======== Data for this exercise ========

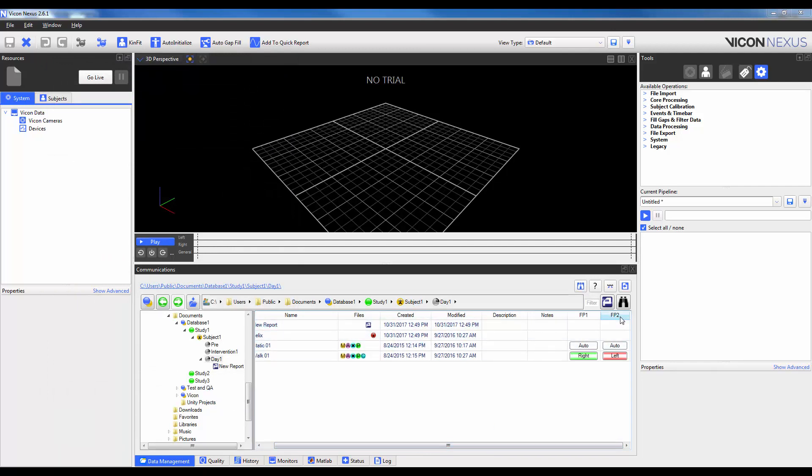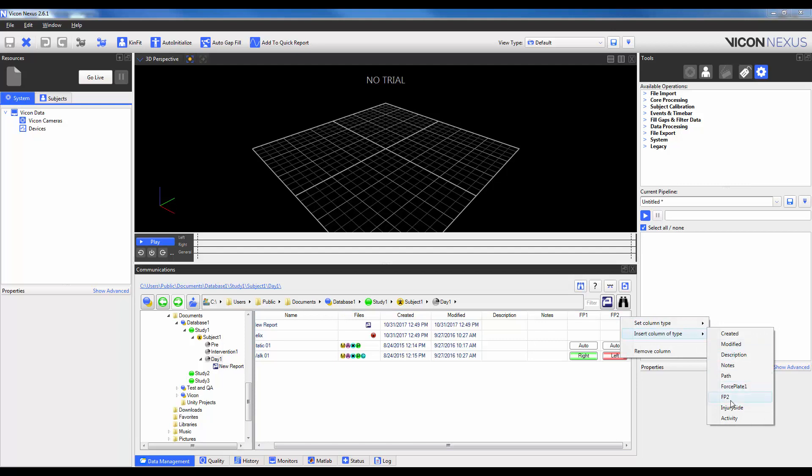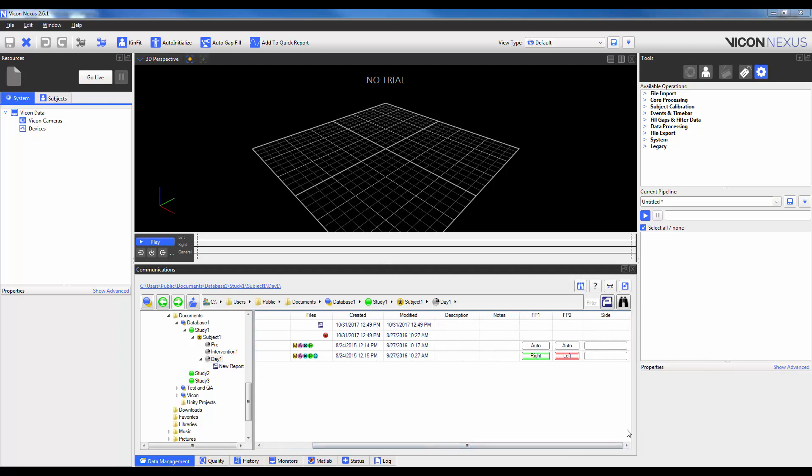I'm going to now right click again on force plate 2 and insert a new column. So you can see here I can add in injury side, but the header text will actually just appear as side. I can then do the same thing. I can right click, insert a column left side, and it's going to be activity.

========
======== Data for this exercise ========

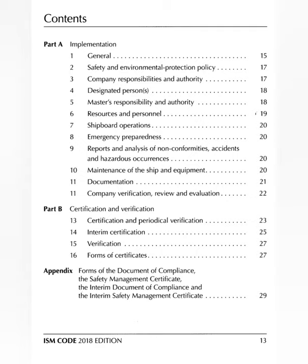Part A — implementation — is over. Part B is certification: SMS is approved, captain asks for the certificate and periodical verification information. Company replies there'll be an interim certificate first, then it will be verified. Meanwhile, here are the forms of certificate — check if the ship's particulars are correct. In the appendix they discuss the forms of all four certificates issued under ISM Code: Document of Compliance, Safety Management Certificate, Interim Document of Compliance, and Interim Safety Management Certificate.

========
======== Data for this exercise ========

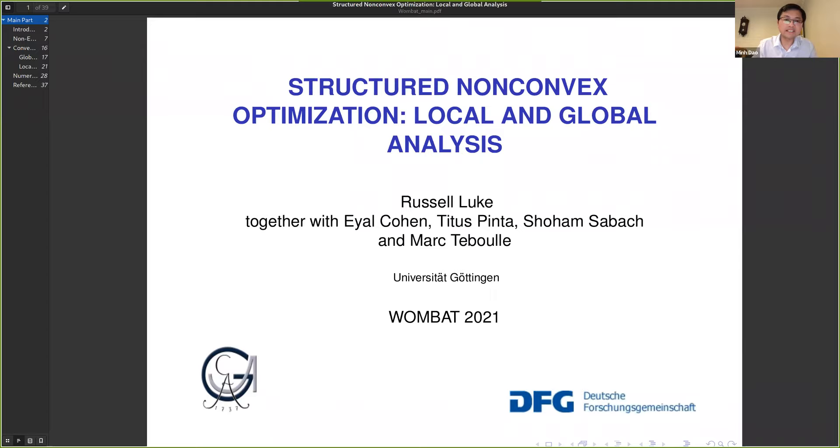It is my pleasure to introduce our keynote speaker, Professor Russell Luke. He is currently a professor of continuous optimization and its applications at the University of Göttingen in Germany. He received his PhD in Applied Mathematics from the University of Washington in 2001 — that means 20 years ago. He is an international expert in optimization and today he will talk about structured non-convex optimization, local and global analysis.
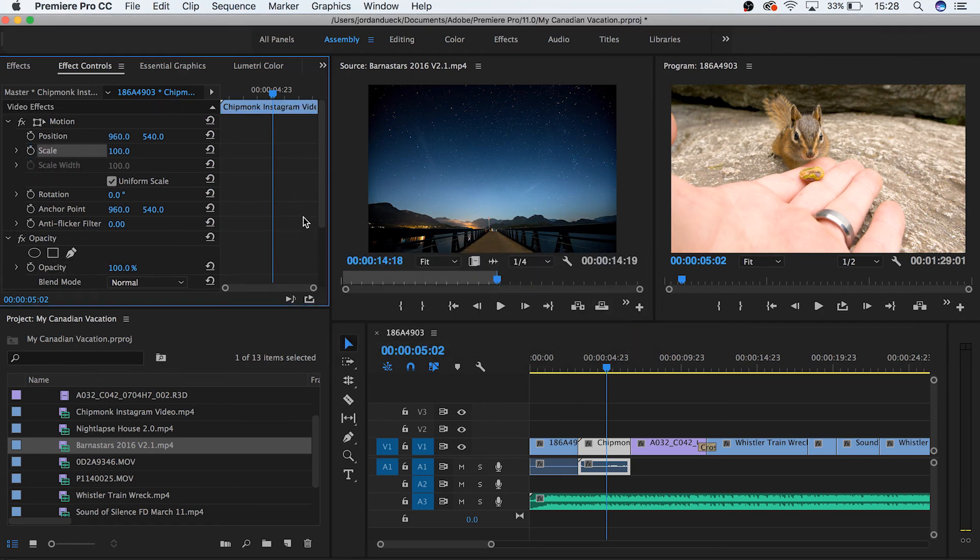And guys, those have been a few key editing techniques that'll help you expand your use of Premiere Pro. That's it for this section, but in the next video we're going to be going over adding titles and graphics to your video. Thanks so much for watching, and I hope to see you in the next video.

========

From the records above, transcribe only the stretch from the line with "It is my pleasure" through the line with "And guys, those", keeping both ends. Omit pictures.

It is my pleasure to introduce our keynote speaker, Professor Russell Luke. He is currently a professor of continuous optimization and its applications at the University of Göttingen in Germany. He received his PhD in Applied Mathematics from the University of Washington in 2001 — that means 20 years ago. He is an international expert in optimization and today he will talk about structured non-convex optimization, local and global analysis.
And guys, those have been a few key editing techniques that'll help you expand your use of Premiere Pro. That's it for this section, but in the next video we're going to be going over adding titles and graphics to your video. Thanks so much for watching, and I hope to see you in the next video.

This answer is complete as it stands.